Donc, pour me présenter, je suis un intérimaire qui bosse dans une usine de décolletage faisant des pièces de voitures en sous-traitant pour Continental, par exemple.
Quand les premiers cas arrivèrent en France, un peu de gel hydroalcoolique a été fourni et des consignes de distance et de non-embrassades ou serrages de mains ont étés appliquées – mais très loin d’être respectées – par la direction de l’usine.
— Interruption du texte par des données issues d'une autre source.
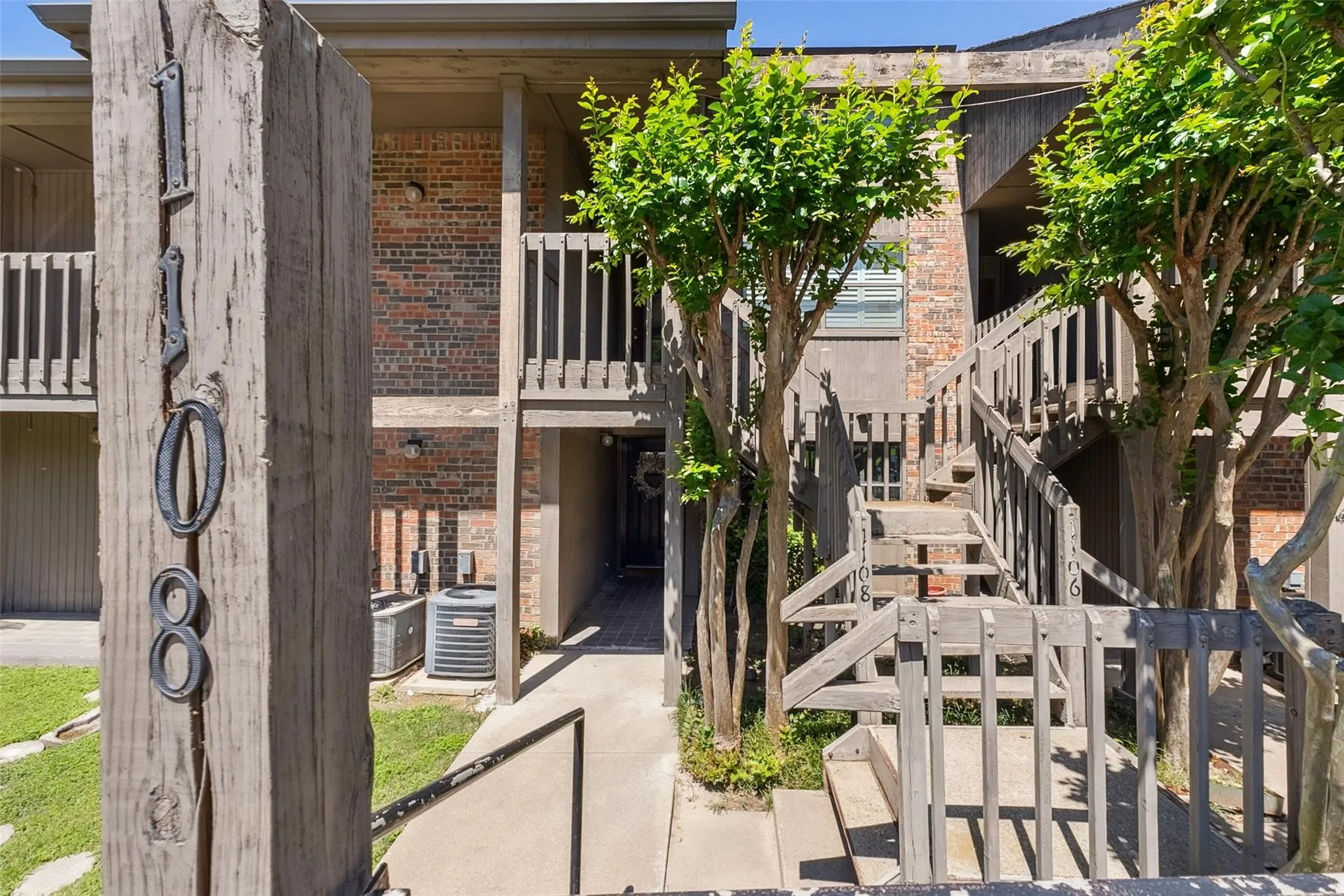 Condominium For Rent in Rockwall County , 1108 Signal Ridge Place, Rockwall, Texas 75032, 3 Bedroom, 3 Bathroom, Garage spaces, 1,825 Sqft, built in 1985, mls#21381365, Real Estate Agent in Rockwall, Homes For Rent in Rockwall county, Homes For Rent in Rockwall, Realtor in Rockwall Texas, Real Estate Brokerage Independent Realty Texas, Luminita Cordes Realtor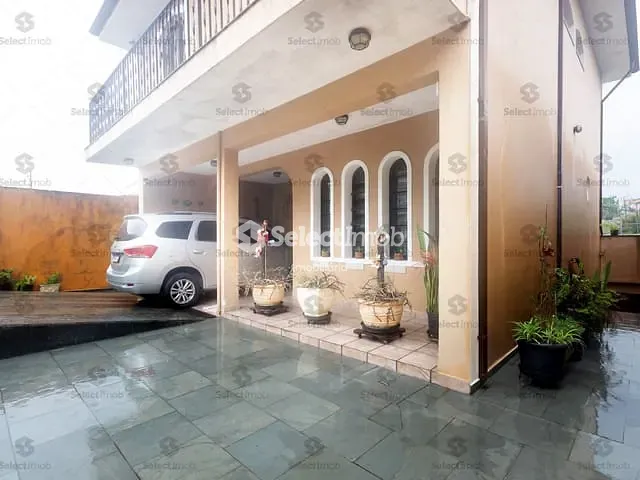 Sobrado com 285m² 4 quartos e 4 banheiros, à venda, no bairro Suíssa em Ribeirão Pires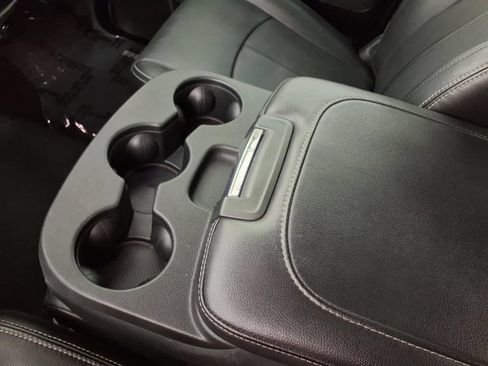 Used 2018 RAM 1500 Laramie RWD image 19
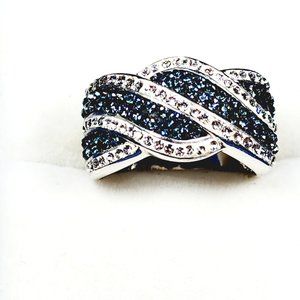 Blue & White sparkling cubic zirconia cocktail ring in 925 Sterling Silver sz 7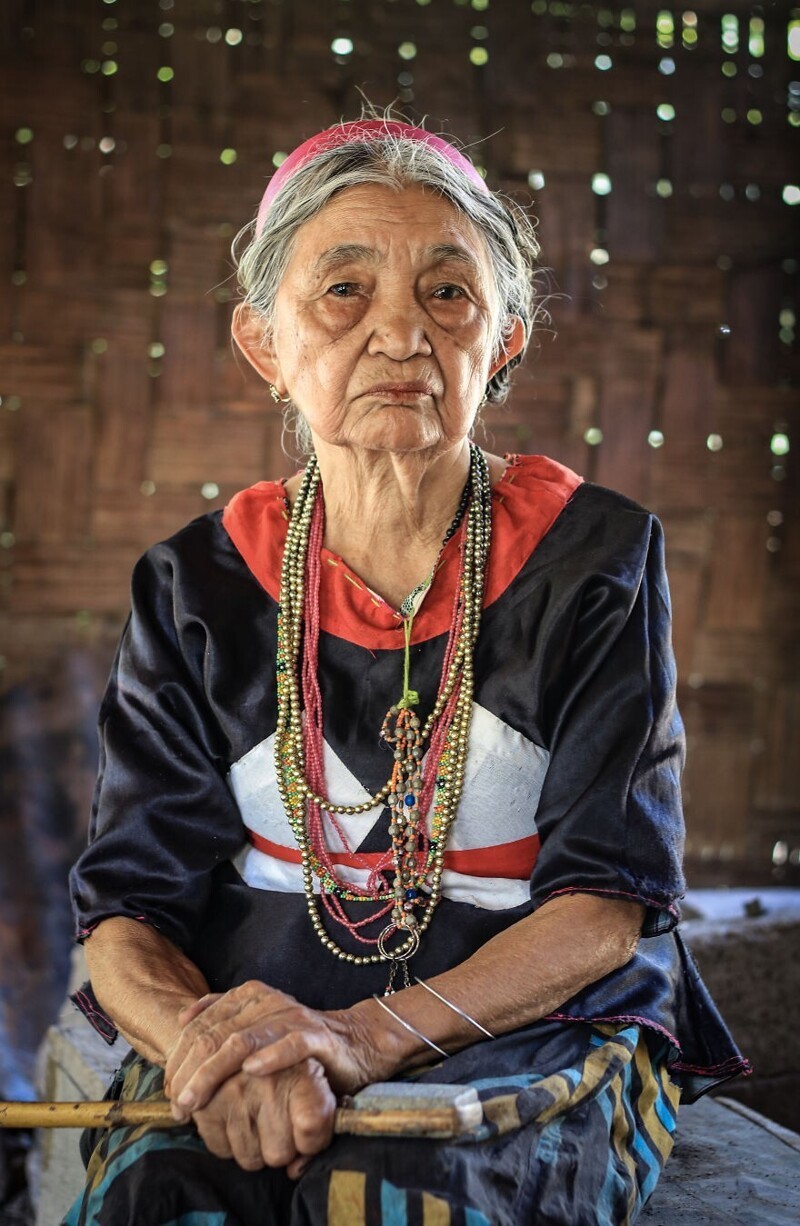 "Пожилая леди", Данди Рахман, Индонезия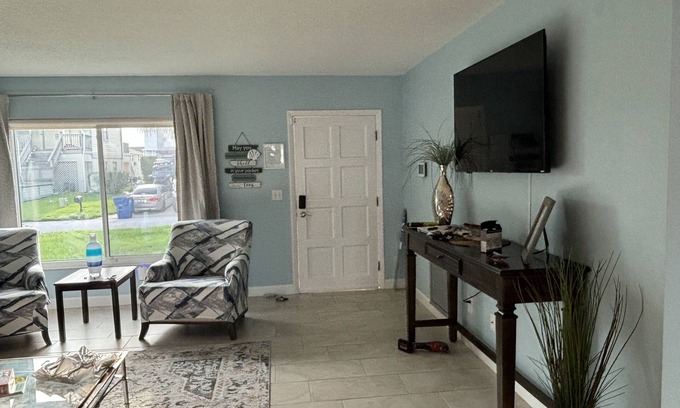 Hudson House | Charming waterfront escape 2-bedroom house with WiFi, AC in lovely Hudson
Mais c’est seulement quand la France est passée en confinement que tout a commencé.
Les règles ont été durcies et ont commencé à être respectées, mais leur effet est resté limité : à quoi cela sert-il d’interdire de se serrer la main quand tout le monde ouvre certaines portes ? Comme la direction ne donnait toujours aucune info sur le futur de la boîte, la panique a commencé à s’installer jusqu’à un message du directeur qui a fait exploser la colère de tous les salariés.
Ce message disait littéralement que les besoins des clients étaient plus importants que la santé des employés. Le directeur montrait clairement quelle était sa priorité et finissait sa lettre en menaçant que l’arrêt de l’usine signifierait une perte d’emploi pour tous les employés.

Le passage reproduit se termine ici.